Retype all entries exactly as they stand, excluding pictures.

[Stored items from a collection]
------------------------------
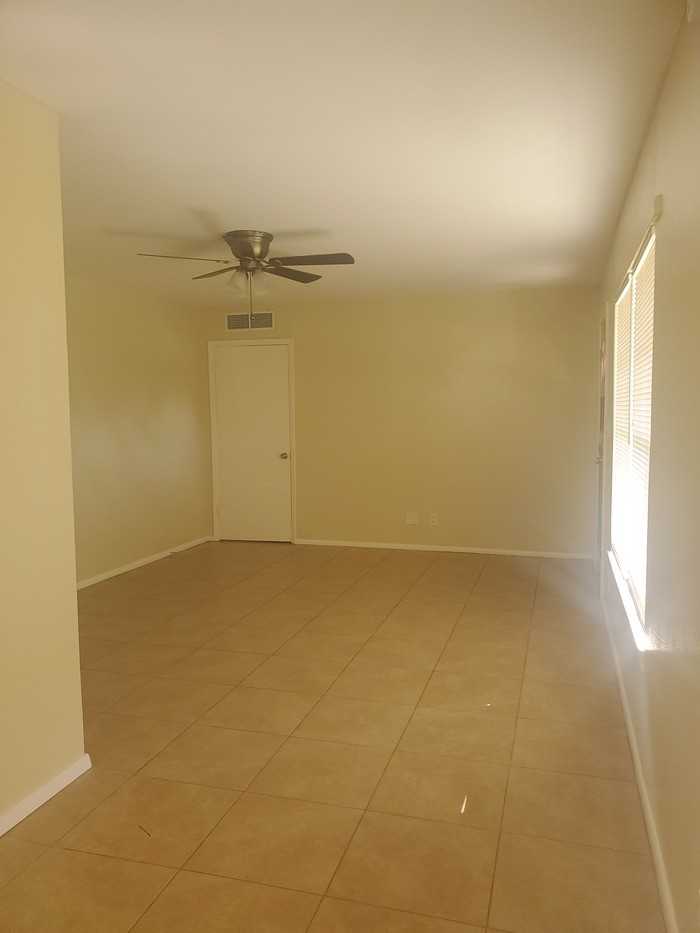 2417 N Parkwood Dr - Photo 3 of 16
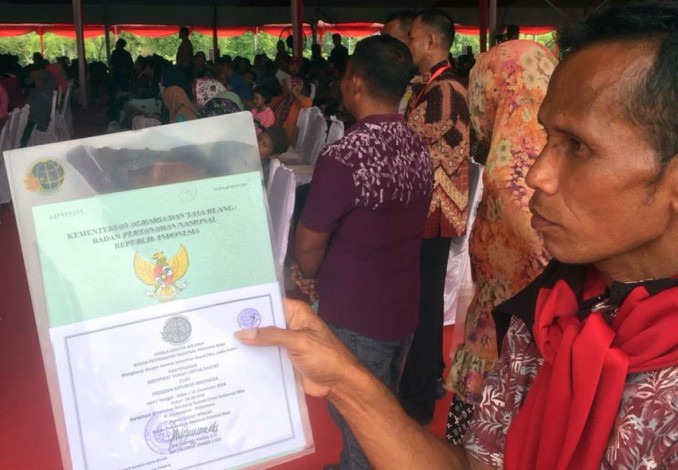 155 Ribu Warga Riau Terima Sertifikat Tanah Gratis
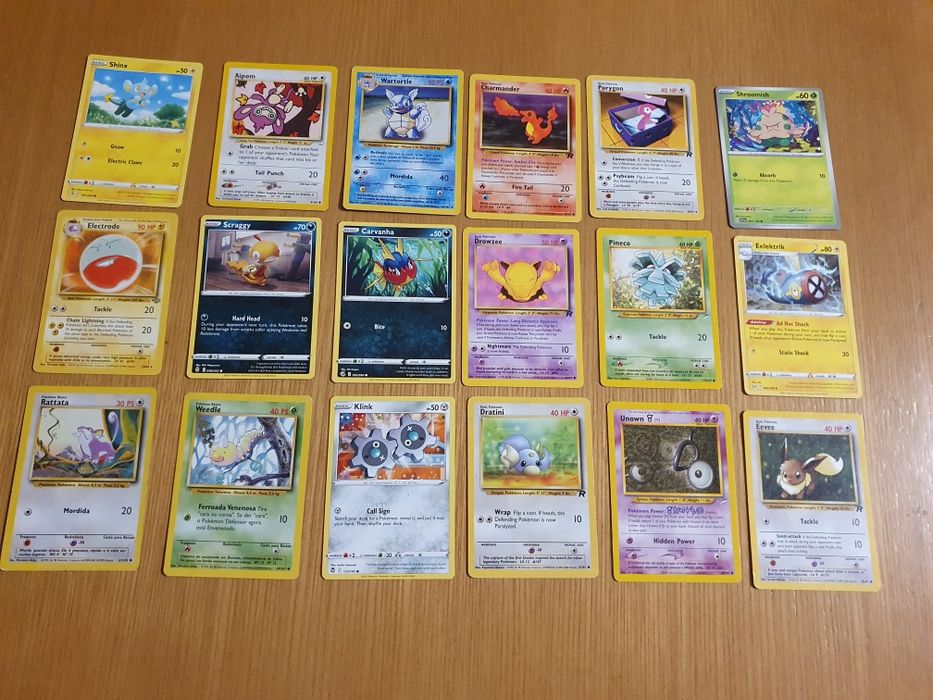 Lote de cartas Pokemon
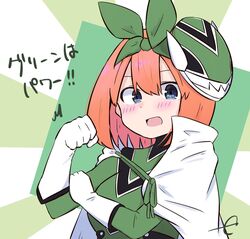  :d blue_eyes blush bodysuit bras_d&#039;honneur cape commentary_request elbow_gloves eyebrows_hidden_by_hair female gloves go-toubun_no_hanayome green_bodysuit green_ribbons hair_between_eyes hair_ribbon hand_up kujou_karasuma long_sleeves looking_at_viewer mask mask_on_head nakano_yotsuba open_mouth ribbon signature smile solo sunburst sunburst_background translated upper_body white_cape white_gloves 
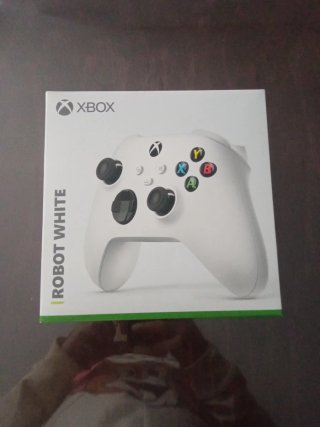 Mando Xbox Series Robot White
------------------------------
## Expected output
 2417 N Parkwood Dr - Photo 3 of 16
 155 Ribu Warga Riau Terima Sertifikat Tanah Gratis
 Lote de cartas Pokemon
  :d blue_eyes blush bodysuit bras_d&#039;honneur cape commentary_request elbow_gloves eyebrows_hidden_by_hair female gloves go-toubun_no_hanayome green_bodysuit green_ribbons hair_between_eyes hair_ribbon hand_up kujou_karasuma long_sleeves looking_at_viewer mask mask_on_head nakano_yotsuba open_mouth ribbon signature smile solo sunburst sunburst_background translated upper_body white_cape white_gloves 
 Mando Xbox Series Robot White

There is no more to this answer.